2016-06-30
By daylight on July 3, morning thoughts of a stiff sobriety were plainly in order. But in the midst of such circular thinking, an actual happening intervened with no trace of warning. I was suddenly not propped in my brass bed or even contained in my familiar house. By the dim new, thoroughly credible light that rose around me, it was barely dawn; and I was lying fully dressed in modern street clothes on a slope by a lake I knew at once. It was the big lake of Kinnereth, the Sea of Galilee, in the north of Israel--green Galilee, the scene of Jesus' first teaching and healing. I'd paid the lake a second visit the previous October, a 12-mile-long body of fish-stocked water in beautiful hills of grass, trees, and small family farms.

Still sleeping around me on the misty ground were a number of men in the tunics and cloaks of first-century Palestine. I soon understood with no sense of surprise that the men were Jesus' 12 disciples and that he was nearby sleeping among them. So I lay on a while in the early chill, looking west across the lake to Tiberias, a small, low town, and north to the fishing villages of Capernaum and Bethsaida. I saw them as they were in the first century--stone huts with thatch-and-mud roofs, occasional low towers, the rising smoke of breakfast fires. The early light was a fine mix of tan and rose. It would be a fair day.

Then one of the sleeping men woke and stood.

I saw it was Jesus, bound toward me. He looked much like the lean Jesus of Flemish paintings--tall with dark hair, unblemished skin, and a self-possession both natural and imposing.

Again I felt no shock or fear.
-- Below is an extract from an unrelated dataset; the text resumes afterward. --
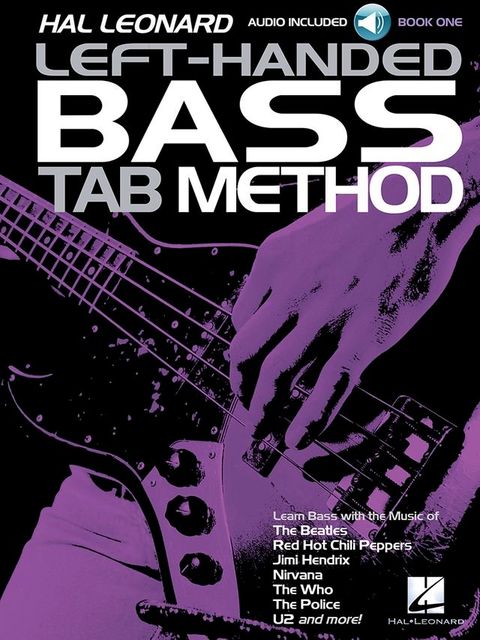 Hal Leonard Left-Handed Bass Tab Method - Book 1(Kobo/電子書)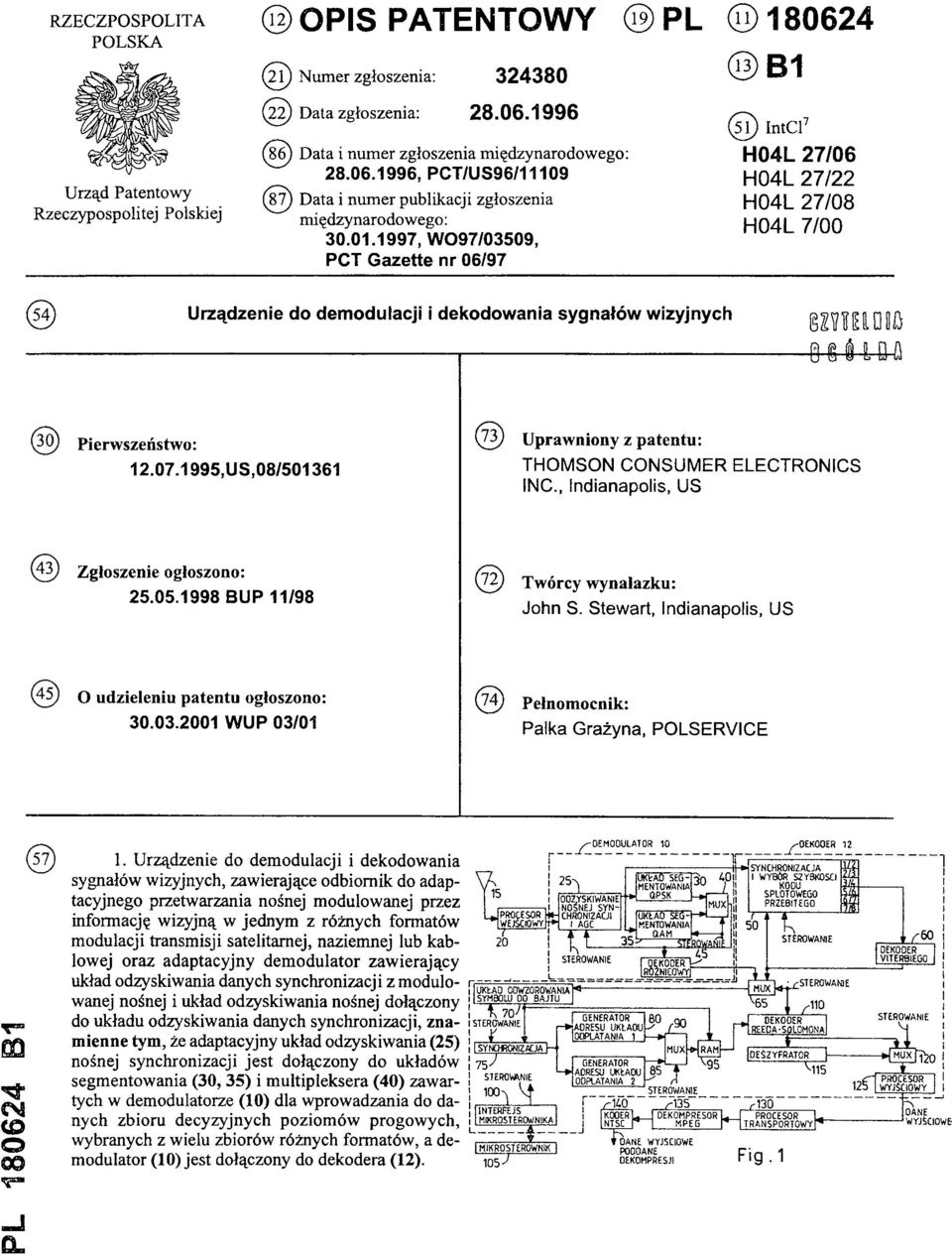 1997, WO97/03509, PCT Gazette nr 06/97 (11) 180624 (13) B1 (51) IntCl7: H04L 27/06 H04L 27/22 H04L 27/08 H04L 7/00 (54)Urządzenie do demodulacji i dekodowania sygnałów wizyjnych (30) Pierwszeństwo:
All this was normal human event; it was utterly clear to my normal eyes and was happening as surely as any event of my pervious life. I lay and watched him walk on nearer.

Jesus bent and silently beckoned me to follow.

I knew to shuck off my trousers and jacket, then my shirt and shorts. Bare, I followed him.

He was wearing a twisted white cloth round his loins; otherwise he was bare and the color of ivory.

We waded out into cool lake water 20 feet from shore till we stood waist-deep.

I was in my body but was also watching my body from slightly upward and behind. I could see the purple dye on my back, the long rectangle that boxed my thriving tumor.

Jesus silently took up handfuls of water and poured them over my head and back till water ran down my puckered scar. Then he spoke once--"Your sins are forgiven"--and turned to shore again, done with me.

I came on behind him, thinking in standard greedy fashion, It's not my sins I'm worried about. So to Jesus' receding back, I had the gall to say, "Am I also cured?"

He turned to face me, no sign of a smile, and finally said two words--"That too." Then he climbed from the water, not looking round, really done with me.

I followed him out and then, with no palpable seam in the texture of time or place, I was home again in my wide bed.